In the entries that follow, repeat exactly the lines from the one that has "wni_jp's tweet photo. 【台風情報】" through the one that has "blonde woman shopping in the groceries", but omit pictures.

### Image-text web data

◆ ◆ ◆ ◆

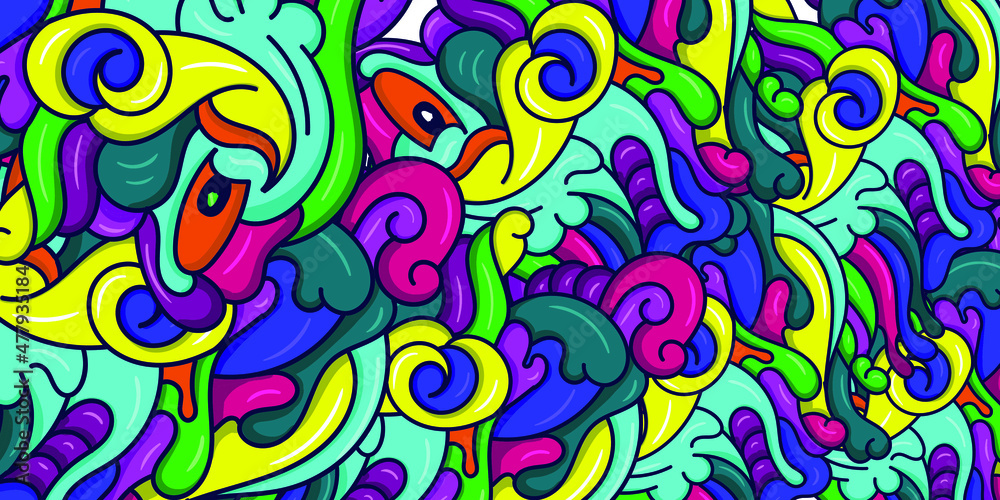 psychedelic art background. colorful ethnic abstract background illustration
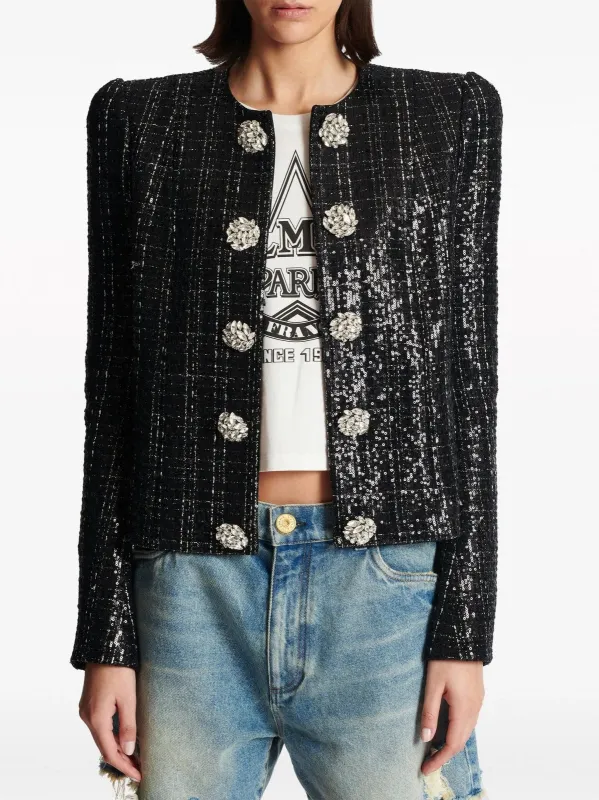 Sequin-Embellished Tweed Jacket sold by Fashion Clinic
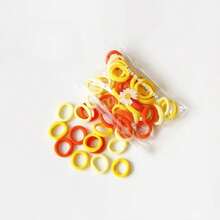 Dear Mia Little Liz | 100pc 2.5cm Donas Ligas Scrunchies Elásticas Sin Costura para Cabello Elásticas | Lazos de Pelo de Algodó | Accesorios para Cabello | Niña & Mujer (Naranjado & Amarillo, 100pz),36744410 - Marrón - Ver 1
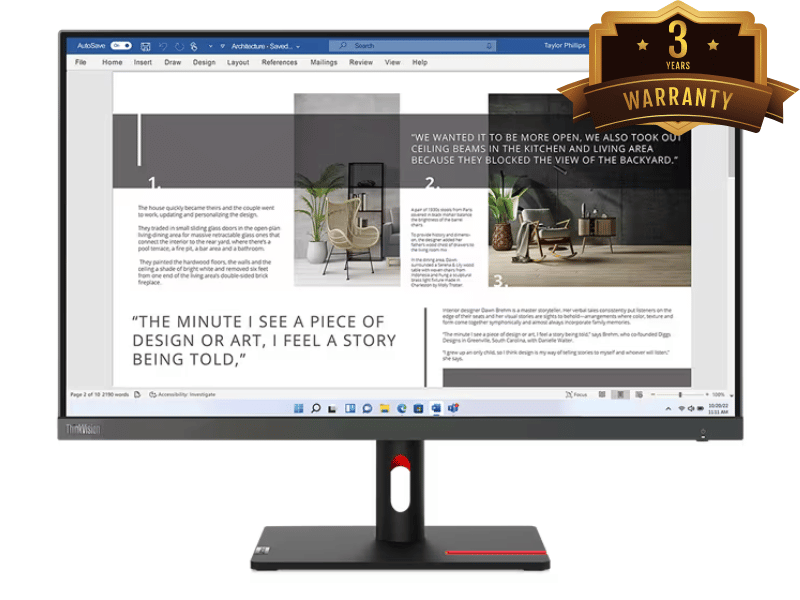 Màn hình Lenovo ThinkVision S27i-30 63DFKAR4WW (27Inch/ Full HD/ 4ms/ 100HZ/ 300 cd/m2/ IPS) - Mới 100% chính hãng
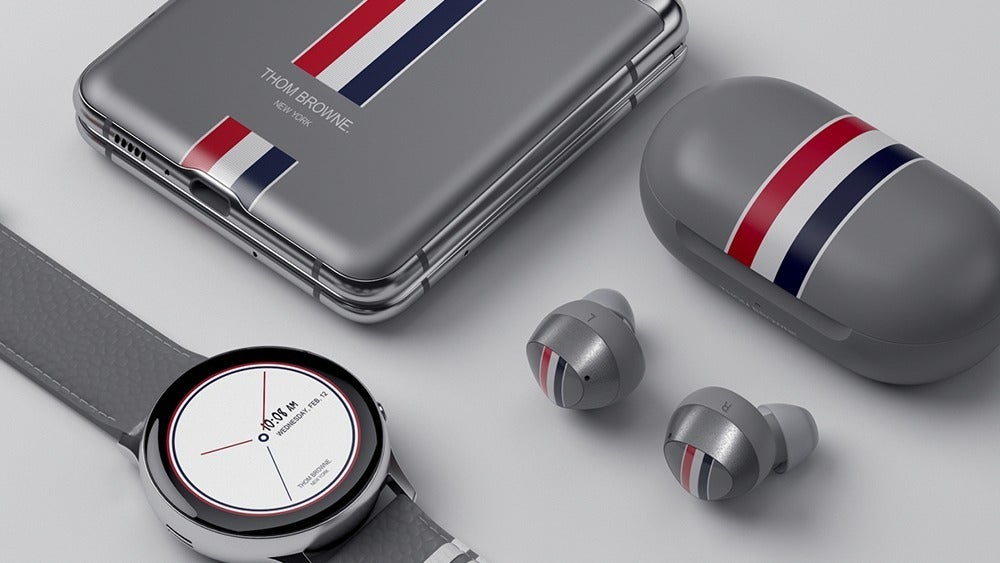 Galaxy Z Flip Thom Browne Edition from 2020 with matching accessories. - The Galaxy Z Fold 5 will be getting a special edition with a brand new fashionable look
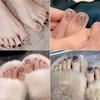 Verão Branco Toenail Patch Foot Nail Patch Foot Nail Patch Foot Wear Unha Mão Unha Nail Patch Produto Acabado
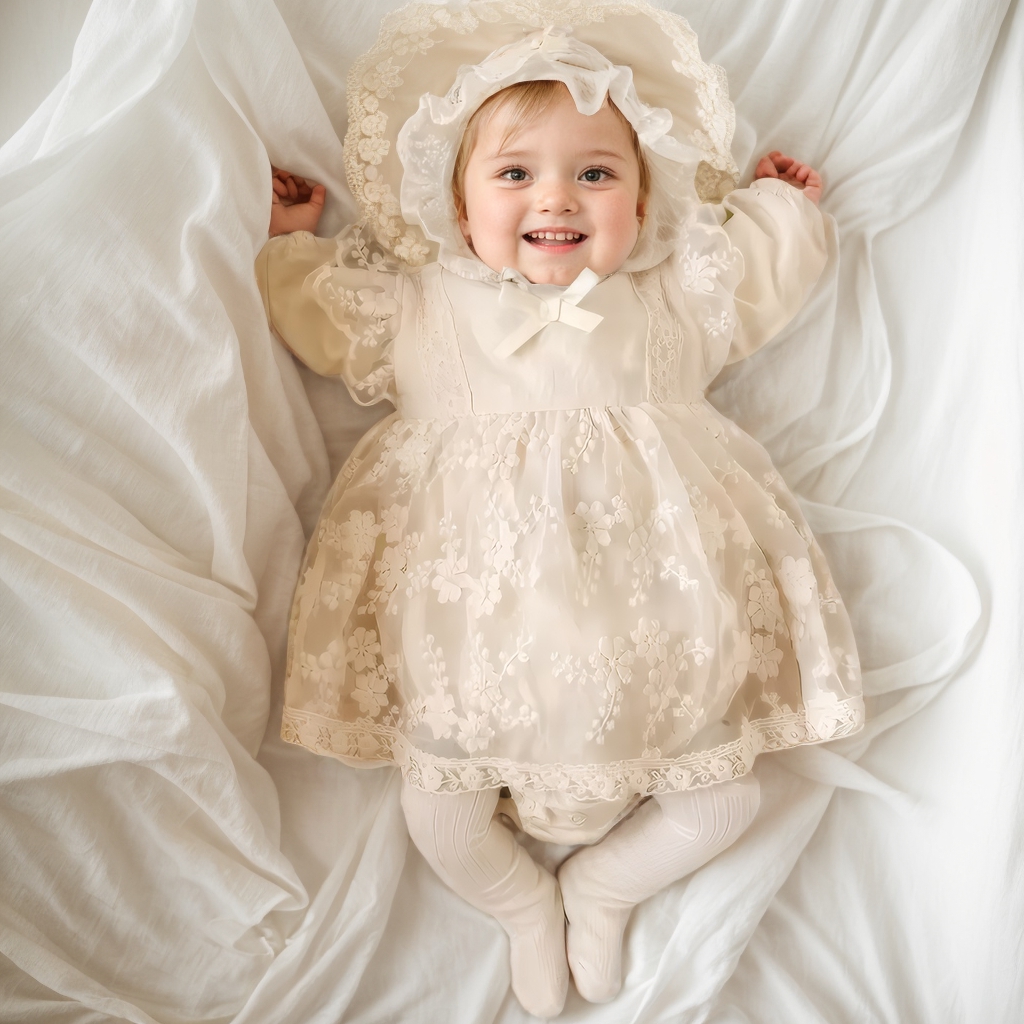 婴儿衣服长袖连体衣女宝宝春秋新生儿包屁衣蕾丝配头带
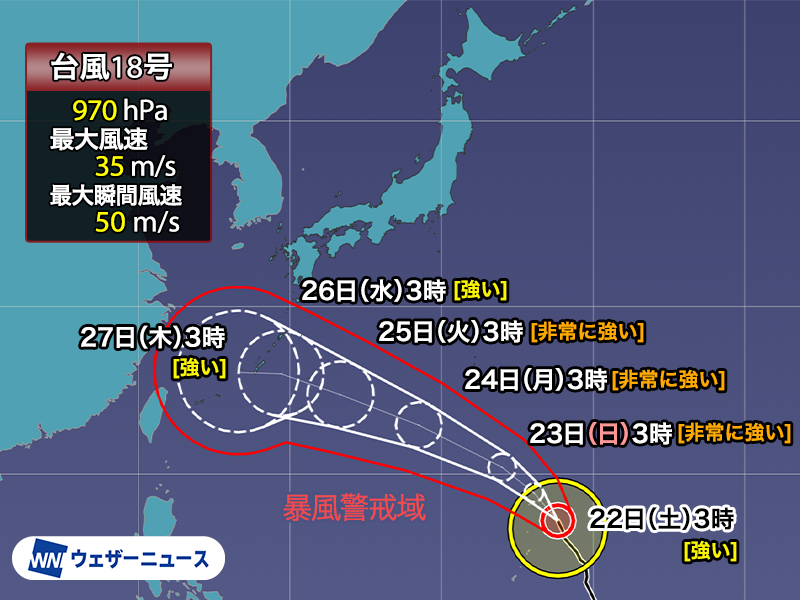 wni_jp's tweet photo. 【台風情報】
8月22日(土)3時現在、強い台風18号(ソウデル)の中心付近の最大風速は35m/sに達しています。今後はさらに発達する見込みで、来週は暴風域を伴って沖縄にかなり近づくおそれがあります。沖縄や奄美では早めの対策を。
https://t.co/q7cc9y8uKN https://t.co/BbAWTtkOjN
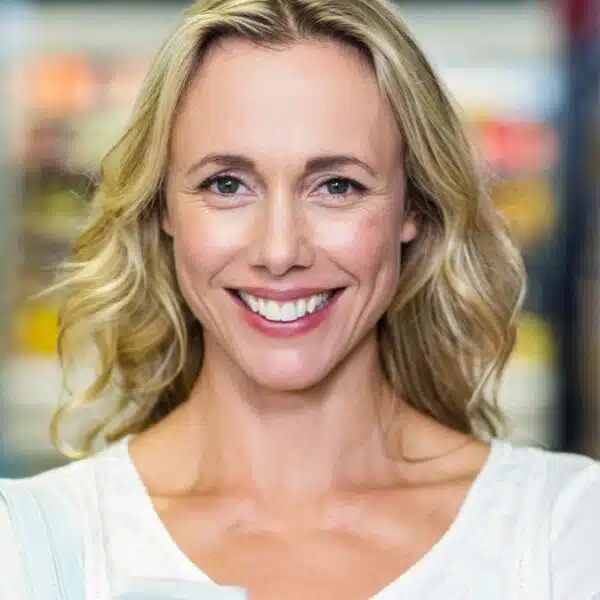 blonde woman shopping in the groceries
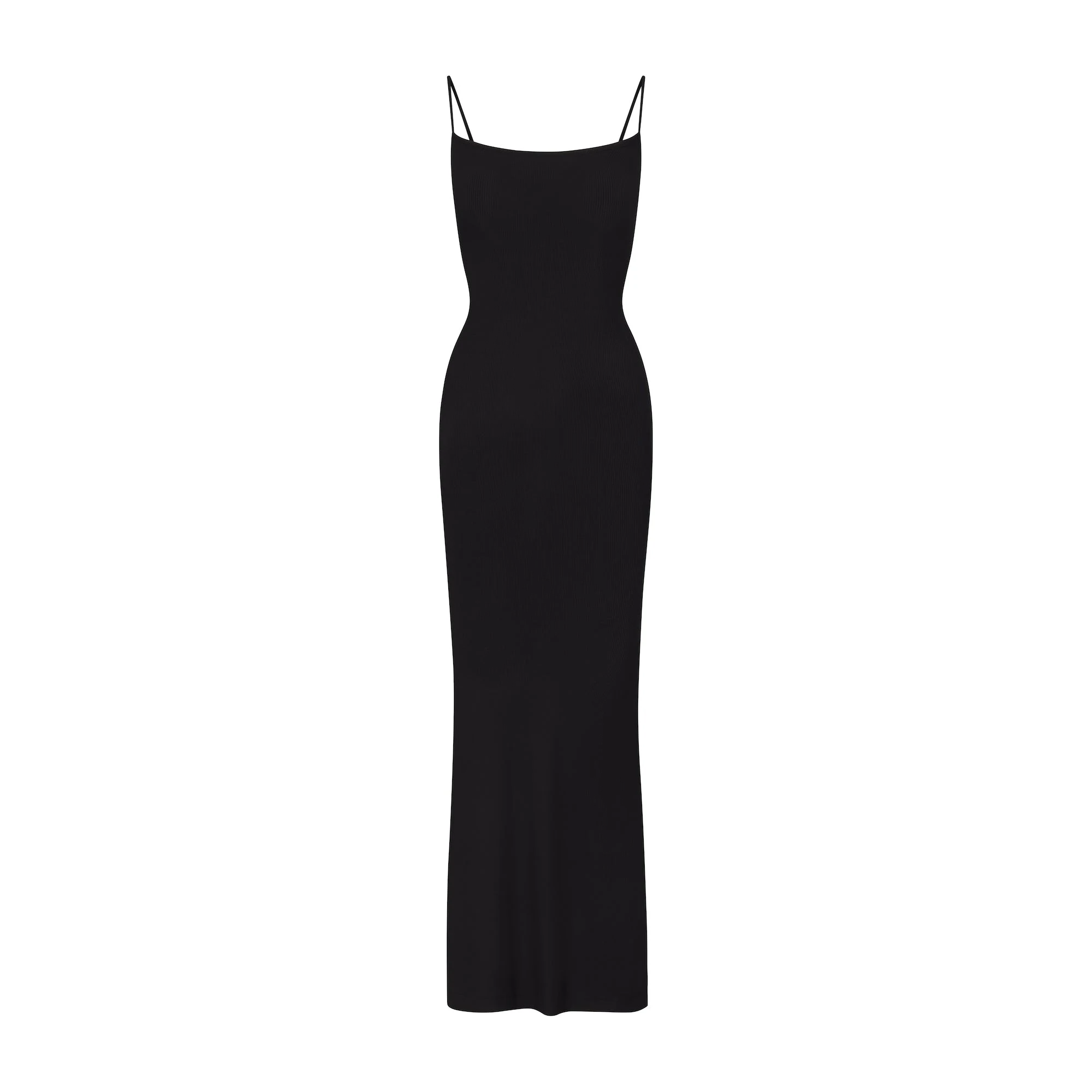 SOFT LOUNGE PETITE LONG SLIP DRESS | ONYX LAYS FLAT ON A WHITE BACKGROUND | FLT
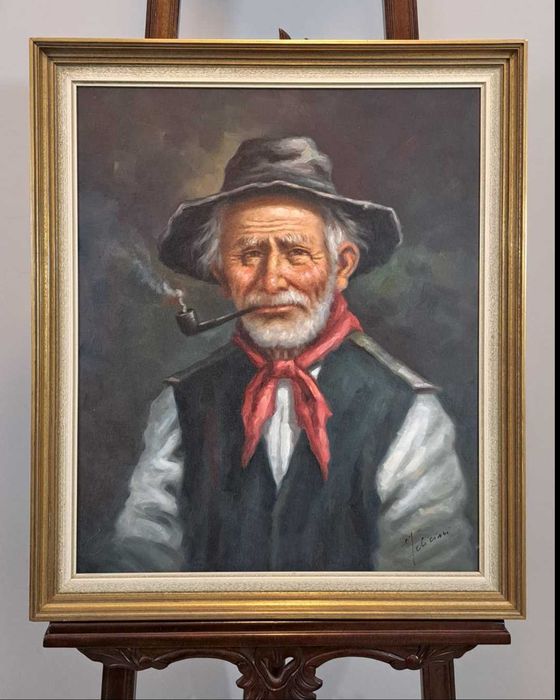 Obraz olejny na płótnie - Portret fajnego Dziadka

◆ ◆ ◆ ◆

### Result of this task
 wni_jp's tweet photo. 【台風情報】
8月22日(土)3時現在、強い台風18号(ソウデル)の中心付近の最大風速は35m/sに達しています。今後はさらに発達する見込みで、来週は暴風域を伴って沖縄にかなり近づくおそれがあります。沖縄や奄美では早めの対策を。
https://t.co/q7cc9y8uKN https://t.co/BbAWTtkOjN
 blonde woman shopping in the groceries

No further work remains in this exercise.